Matt: This is perhaps the only album I’ve ever given a perfect 10/10. Granted, I didn’t write as many reviews in the 00s as I did in the 90s, but its still pretty telling.

Grade: Love

Blur – Think TankBlur – Think Tank
#32 on the NME list

Gabe: Track 3, “Crazy Beat,” is a party anthem that nicely bridges the gap between Blur’s “Song 2” and Gorillaz’ “Feel Good, Inc.” Fun song. Too bad the rest of the album’s mid-tempo bleepers and bloopers bored the piss out of me. Wikipedia says the album is “concerned with a sense with a sense of paranoia and alienation in British club culture.”  That may be true, but I would have preferred it to be concerned with “songs that are fun to listen to.”

Grade: Do Not Like

Matt: I actually get in to the “sense of paranoia and alienation in British club culture” on the first two tracks, which set a nice, eerie mid-tempo mood until the jarring fabricated sounds on “Crazy Beat” annoy me and break the mood.

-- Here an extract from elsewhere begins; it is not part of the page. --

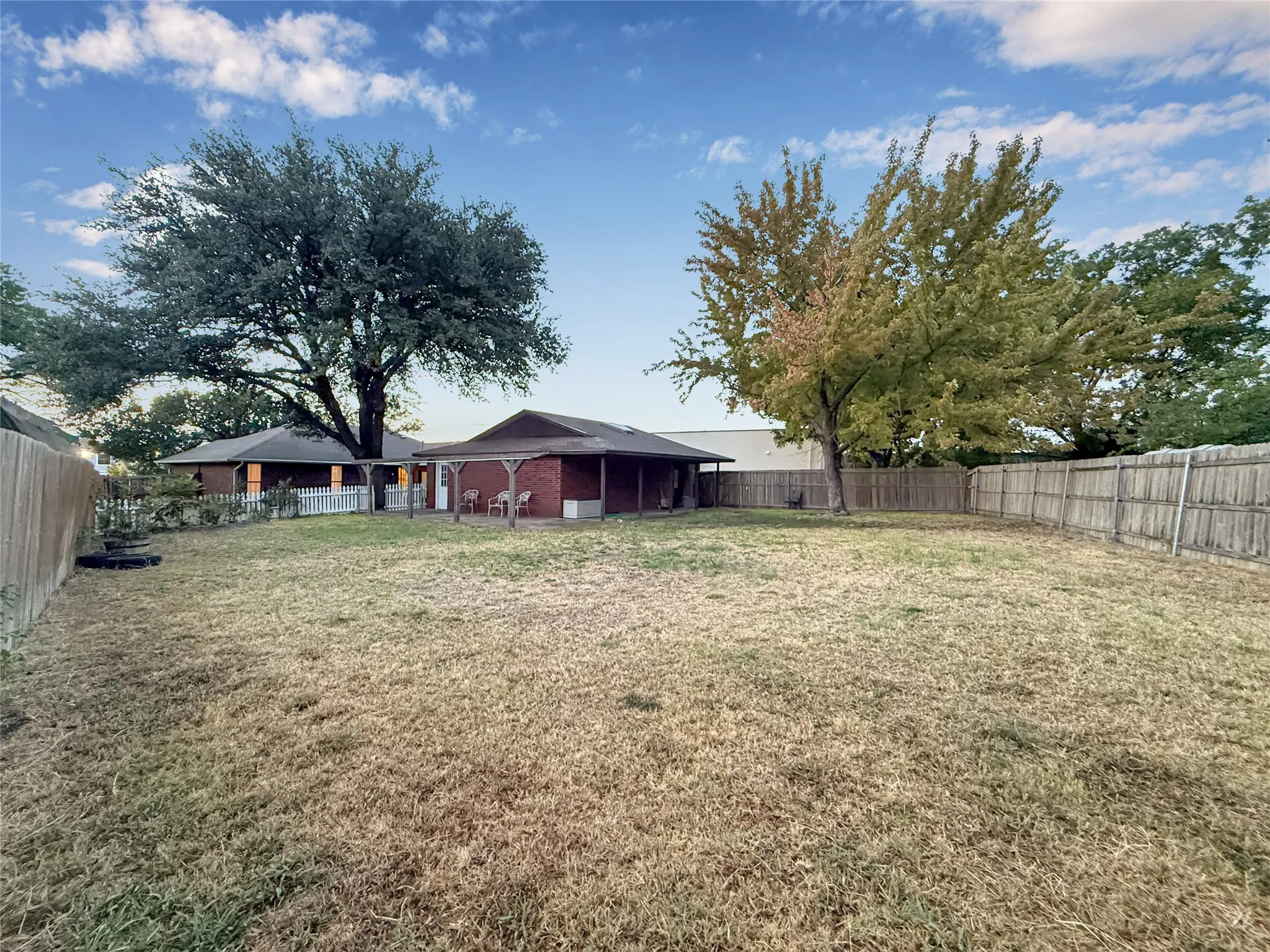 Expansive backyard featuring a privacy fence, mature trees, and a covered patio area with a brick exterior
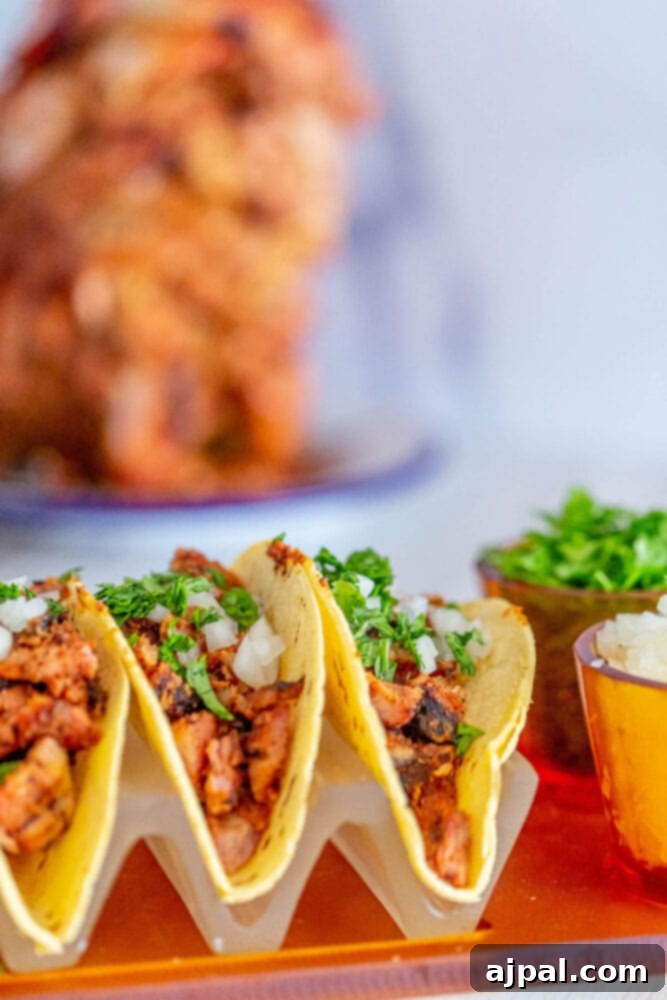 Easy smoked al pastor chicken tacos served on an orange tray.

The album never recovers, settling in to snoozy, unfocused songs that highlight the fact that Damon Albarn isn’t that great of a singer. It’s probably no surprise that, after releasing a Brit-pop classic that rightly garnered comparisons to the Kinks (Parklife), Blur set off on an exploratory path to distance themselves from that sound, but that adventurousness fails here. Miserably.